Organic centralism addresses the failings of democratic centralism as the organizing principle of the one communist Party: it achieves the centralization — i.e. unity of revolutionary action — of the Party not by successively fostering and then putting a stranglehold on internal dissension, but by preventing it right from the outset with correct communist politics. It repudiates internal democracy and discipline, these necessarily being, and having always been, exclusively the requirement of parties which allow themselves to fracture along the points of their programmatic content (and the programme of the one communist Party must necessarily fulfill the proletarian historical mission) — i.e. parties which cannot organically achieve centralization on account of their accommodation to opponents of the revolutionary doctrine. It is the necessary form the Party will take upon the negation of internal compromise and opportunism.

the debater
8th January 2014, 18:44
:rolleyes:

First of all, where will your money to fund these campaigns come from? Will you financially outcompete every bourgeois party in the world?

It's either running for mayor, or running for president or governor or senator. Running mayoral campaigns would be far less costly than running socialist candidates for governor or president. You honestly think running for president would be cheaper than running a few dozen candidates for mayor across major world cities?

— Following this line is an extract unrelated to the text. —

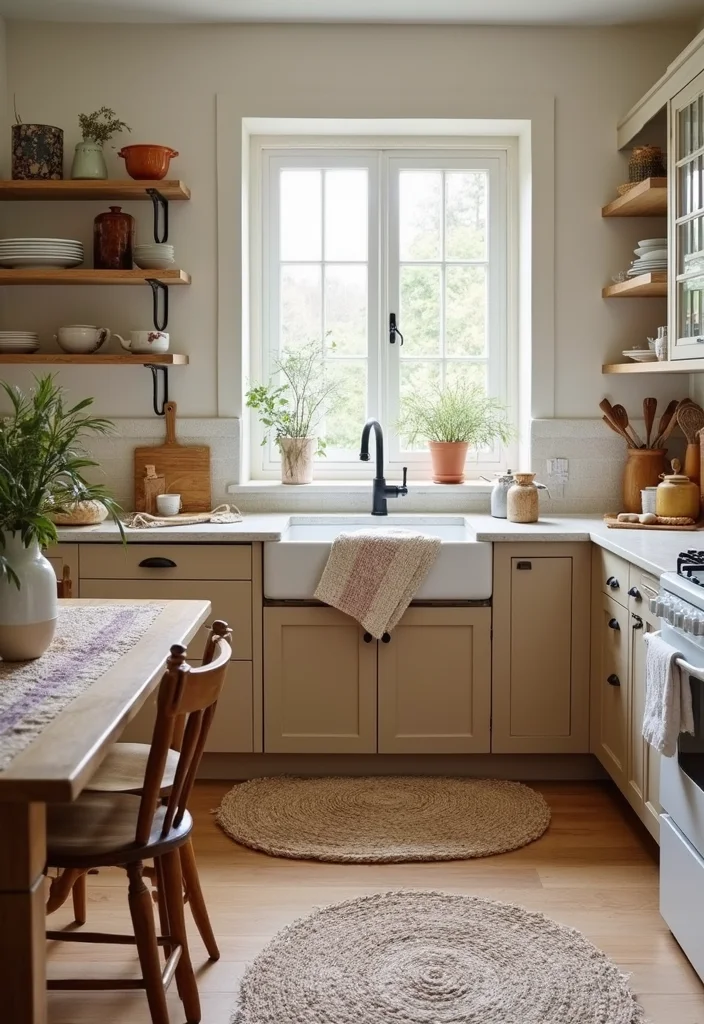 12 Warm Kitchen Ideas for Cozy Inviting Spaces - 4. Cozy Textiles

When I say cities, I mean somewhat large cities like Milwaukee Wisconsin, or Columbus Ohio, or Toronto. I'm not talking about small cities, if that's where you're getting confused.

Remus Bleys
9th January 2014, 15:20
To answer your question #ff000 I interpret revolutionary totalitarianism as being the idea that proletarian interests dominate the whole of society, in all political, social, and economic levesl. Therefore I think all communists are revolutionary totalitarians, but the ones who identify as such typically don't hold democracy as a principle and thus don't care if a majority agrees with this or not.

newdayrising
9th January 2014, 15:37
I agree with the principle, but it's a terrible choice for a term isn't it?

Oenomaus
9th January 2014, 15:46
I honestly want to know what is everyone's opinion on the strategy of running as many socialist candidates as possible for city mayor positions across the world? It would be like if socialism is a fire, and the cities where the socialist mayors are based are like sparks for the fire. The forest floor on which the fire gets started is like Planet Earth. If we start off at the local level, and work our way up to the state, provincial, and federal levels, we should be unstoppable. If people see socialism succeed at the city level, no amount of bourgeois money poured into TV ads and stolen elections is going to be able to change people's minds back to their original opinions.

Socialism can't "succeed at the city level" because the notion of "socialism in one city" is reformist nonsense. "At the city level", the class-for-itself can't seize state power (because state power is not located at the municipal level except in the most inconsequential forms), smash the bourgeois state apparatus, let alone completely socialise the means of production and abolish classes. What can "succeed at the city level" is sewer "socialism", petit-bourgeois reformism that leaves the structure of capitalist society intact while emphasising public utilities. Such "socialists" are a dime a dozen, and they haven't accomplished anything lasting, nor can they.

Remus Bleys
9th January 2014, 15:47
I agree with the principle, but it's a terrible choice for a term isn't it?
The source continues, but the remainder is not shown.